Corollary 4.2. Let (X ; ∘ , 1) be a dual hyper K-algebra. Then δ ^* is a strongly regular relation on X.

Theorem 4.3. Let (X ; ∘ , 1) be a hyper BE-algebra. Then $(X / δ^{*}; *, \bar{1})$ is a BE-algebra.

Proof. By Theorems 3.5 and 4.1, the proof isobvious.□

Example 4.4. Let X = {1, a, b, c, d}. Define the hyperoperation “cc” as follows: $\begin{matrix} \begin{matrix} \circ & 1 & a & b & c & d \\ 1 & {1, c} & {a} & {b} & {c} & {d} \\ a & {1, c} & {1, c} & {1, c} & {1, c} & {1, c} \\ b & {1, c} & {1, c} & {1, c} & {1, c} & {1, c} \\ c & {1, c} & {1, c} & {1, c} & {1, c} & {1, c} \\ d & {1, c} & {1, c} & {1, c} & {1, c} & {1, c} \end{matrix} \end{matrix}$ Then (X ; cc, 1) is a hyper BE-algebra.
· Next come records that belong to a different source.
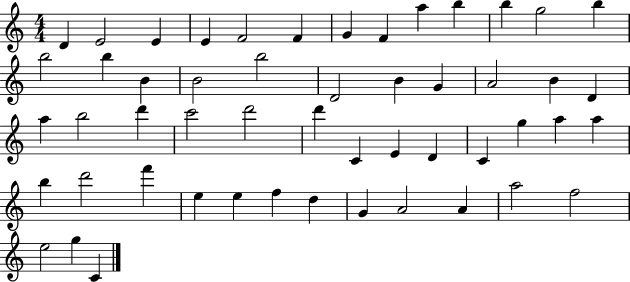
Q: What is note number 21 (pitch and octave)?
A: G4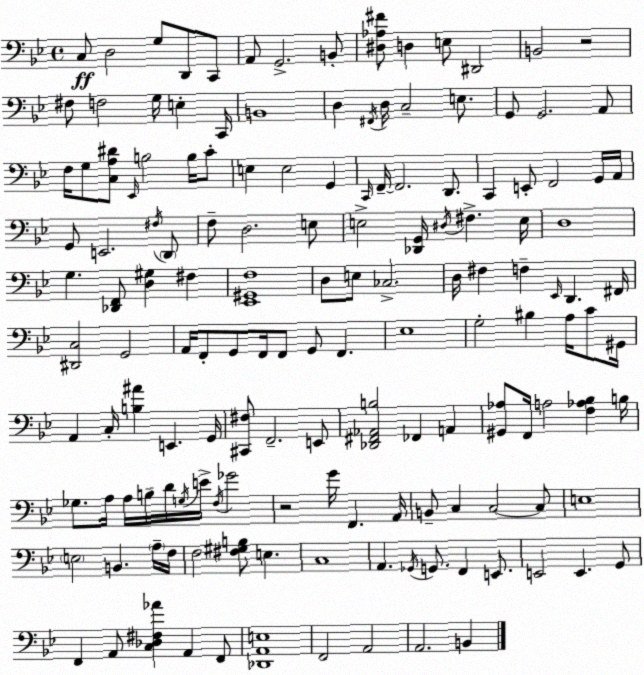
X:1
T:Untitled
M:4/4
L:1/4
K:Bb
C,/2 D,2 G,/2 D,,/2 C,,/2 A,,/2 G,,2 B,,/2 [^D,_A,^F]/2 D, E,/2 ^D,,2 B,,2 z2 ^F,/2 F,2 G,/4 E, C,,/4 B,,4 D, ^F,,/4 D,/4 C,2 E,/2 G,,/2 G,,2 A,,/2 F,/4 G,/2 [C,A,^D]/2 _E,,/4 B,2 B,/4 C/2 E, E,2 G,, C,,/4 F,,/4 F,,2 D,,/2 C,, E,,/2 F,,2 G,,/4 A,,/4 G,,/2 E,,2 ^F,/4 D,,/2 F,/2 D,2 E,/2 E,2 [_D,,G,,]/4 ^D,/4 ^F, E,/4 D,4 G, [_D,,F,,]/2 [D,^G,] ^F, [_E,,^G,,F,]4 D,/2 E,/2 _C,2 D,/4 ^F, F, _E,,/4 D,, ^F,,/4 [^D,,C,]2 G,,2 A,,/4 F,,/2 G,,/2 F,,/4 F,,/2 G,,/2 F,, _E,4 G,2 ^B, A,/4 C/2 ^G,,/4 A,, C,/4 [B,^A] E,, G,,/4 [^C,,^F,]/2 F,,2 E,,/2 [_D,,^F,,_A,,B,]2 _F,, A,, [^G,,_A,]/2 F,,/4 A,2 [F,_A,_B,] B,/4 _G,/2 A,/4 A,/4 B,/4 D/4 G,/4 E/4 F,/4 _G2 z2 G/4 F,, A,,/4 B,,/2 C, C,2 C,/2 E,4 E,2 B,, A,/4 F,/4 F,2 [^F,^G,B,]/2 E, C,4 A,, _G,,/4 G,,/2 F,, E,,/2 E,,2 E,, G,,/2 F,, A,,/2 [C,_D,^F,_A] A,, F,,/2 [_D,,A,,E,]4 F,,2 A,,2 A,,2 B,,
We have (a ∘ b) ∘ a = {1, a, c} , (a ∘ b) ∘ b = {1, b, c} and (a ∘ b) ∘ d = {1, d, c} . Then for any x ∈ X, 1 δ ^* x and so δ ^* (1) = X = δ ^* (x). Hence X/δ ^* = {δ ^* (1)} and clearly (X/δ ^* ; * , δ ^* (1)) is a trivial BE-algebra.

Example 4.5. Let X = {1, a, b, c, d}. Define the hyperoperation “cc” as follows: $\begin{matrix} \begin{matrix} \circ & 1 & a & b & c & d \\ 1 & {1} & {a} & {b} & {c} & {d} \\ a & {1} & {1} & {1} & {1} & {1} \\ b & {1} & {a} & {1} & {c} & {1} \\ c & {1} & {a} & {1, b} & {1} & {1} \\ d & {1} & {1} & {1} & {1} & {1} \end{matrix} \end{matrix}$ Then (X ; cc, 1) is a hyper BE-algebra. Now, we have: $\begin{matrix} \begin{matrix} * & δ^{*} (1) & δ^{*} (a) & δ^{*} (c) & δ^{*} (d) \\ δ^{*} (1) & δ^{*} (1) & δ^{*} (a) & δ^{*} (c) & δ^{*} (d) \\ δ^{*} (a) & δ^{*} (1) & δ^{*} (1) & δ^{*} (1) & δ^{*} (1) \\ δ^{*} (c) & δ^{*} (1) & δ^{*} (a) & δ^{*} (1) & δ^{*} (1) \\ δ^{*} (d) & δ^{*} (1) & δ^{*} (1) & δ^{*} (1) & δ^{*} (1) \end{matrix} \end{matrix}$ Clearly, (X/δ ^* ; * , δ ^* (1)) = {{1, b} , {a} , {c} , {d}} is a BE-algebra but is not a dual BCK-algebra. (Since δ ^* (a) * δ ^* (d) = δ ^* (1) and δ ^* (d) * δ ^* (a) = δ ^* (1) but δ ^* (a) ≠ δ ^* (d)).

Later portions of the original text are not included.